---- Task input
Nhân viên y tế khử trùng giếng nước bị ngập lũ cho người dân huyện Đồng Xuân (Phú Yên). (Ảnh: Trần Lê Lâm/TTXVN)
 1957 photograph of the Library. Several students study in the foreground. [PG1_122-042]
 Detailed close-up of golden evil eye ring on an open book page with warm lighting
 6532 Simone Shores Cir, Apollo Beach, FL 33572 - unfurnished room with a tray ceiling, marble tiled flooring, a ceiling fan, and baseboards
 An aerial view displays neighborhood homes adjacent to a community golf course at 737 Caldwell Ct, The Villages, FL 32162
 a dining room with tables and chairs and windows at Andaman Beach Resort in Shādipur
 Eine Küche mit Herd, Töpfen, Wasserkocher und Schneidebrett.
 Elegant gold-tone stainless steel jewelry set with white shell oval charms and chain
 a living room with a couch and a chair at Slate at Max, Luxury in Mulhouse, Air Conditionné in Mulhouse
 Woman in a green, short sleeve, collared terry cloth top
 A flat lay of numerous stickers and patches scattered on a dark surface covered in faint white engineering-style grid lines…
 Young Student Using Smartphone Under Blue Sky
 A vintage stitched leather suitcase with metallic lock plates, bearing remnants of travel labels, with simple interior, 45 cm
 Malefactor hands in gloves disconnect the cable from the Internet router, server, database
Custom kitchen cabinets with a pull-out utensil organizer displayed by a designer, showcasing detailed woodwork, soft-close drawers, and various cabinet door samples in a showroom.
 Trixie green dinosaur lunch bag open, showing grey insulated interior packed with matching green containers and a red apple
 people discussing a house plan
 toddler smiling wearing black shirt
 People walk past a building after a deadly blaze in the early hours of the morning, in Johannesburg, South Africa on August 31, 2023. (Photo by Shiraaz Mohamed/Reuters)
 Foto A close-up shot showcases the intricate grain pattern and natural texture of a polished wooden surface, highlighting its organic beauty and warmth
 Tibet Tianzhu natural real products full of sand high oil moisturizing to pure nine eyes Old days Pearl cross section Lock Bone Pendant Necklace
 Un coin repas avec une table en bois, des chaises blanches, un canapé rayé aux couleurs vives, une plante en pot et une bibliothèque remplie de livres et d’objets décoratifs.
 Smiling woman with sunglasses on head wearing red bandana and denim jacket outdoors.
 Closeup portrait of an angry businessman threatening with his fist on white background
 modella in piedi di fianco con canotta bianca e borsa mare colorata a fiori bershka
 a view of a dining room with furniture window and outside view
--------
## Task description
Your task is to transcribe, with no changes, only the lines of the listing above that lie between the line holding "People walk past" and the line holding "Un coin repas", inclusive.

## Answer space
 People walk past a building after a deadly blaze in the early hours of the morning, in Johannesburg, South Africa on August 31, 2023. (Photo by Shiraaz Mohamed/Reuters)
 Foto A close-up shot showcases the intricate grain pattern and natural texture of a polished wooden surface, highlighting its organic beauty and warmth
 Tibet Tianzhu natural real products full of sand high oil moisturizing to pure nine eyes Old days Pearl cross section Lock Bone Pendant Necklace
 Un coin repas avec une table en bois, des chaises blanches, un canapé rayé aux couleurs vives, une plante en pot et une bibliothèque remplie de livres et d’objets décoratifs.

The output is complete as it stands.